The initiatives were developed with planning money from the Lumina Foundation to develop ways to grow college graduates in Montana. Karas and FVCC trustees took issue with Moe's recommendation to regents noting some concern with the process but saying "everyone appears to be supportive of the initiatives in the resolution."

The memo, developed by all three of Montana's community colleges, urged the Board of Regents to hold off on the resolution until local trustees could discuss the financial and other ramifications of the strategies. Regents subsequently approved the resolution and Moe then submitted a second grant request asking for implementation money from the Lumina Foundation.

Stearns reviewed meetings where college representatives had input into the planning process. She said the college should have invited a representative to answer questions at the Aug. 24 meeting.

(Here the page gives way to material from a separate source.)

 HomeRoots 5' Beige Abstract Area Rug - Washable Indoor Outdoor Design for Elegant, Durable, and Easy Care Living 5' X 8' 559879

Moe and Regent Lynn Hamilton had attended a meeting with FVCC trustees in July where trustees and Karas raised issues about the strategies such as losing courses the community needs to eliminate duplication statewide and losing control of education funded with local dollars.

Moe told trustees that this was the third time she had read minutes that "mischaracterized what I do." She did not specify which statements offended her in the minutes or the newspaper article.

Stearns said that Montana's grant application was well-received by the Lumina Foundation. She said officials said the proposal by Moe was "particularly well-written and well-organized." Montana submitted the only proposal targeting two-year education for producing more degrees.

Stearns said the foundation should make a decision on the grant in about a month.

"I already consider it a great success, even if we don't get it," she said.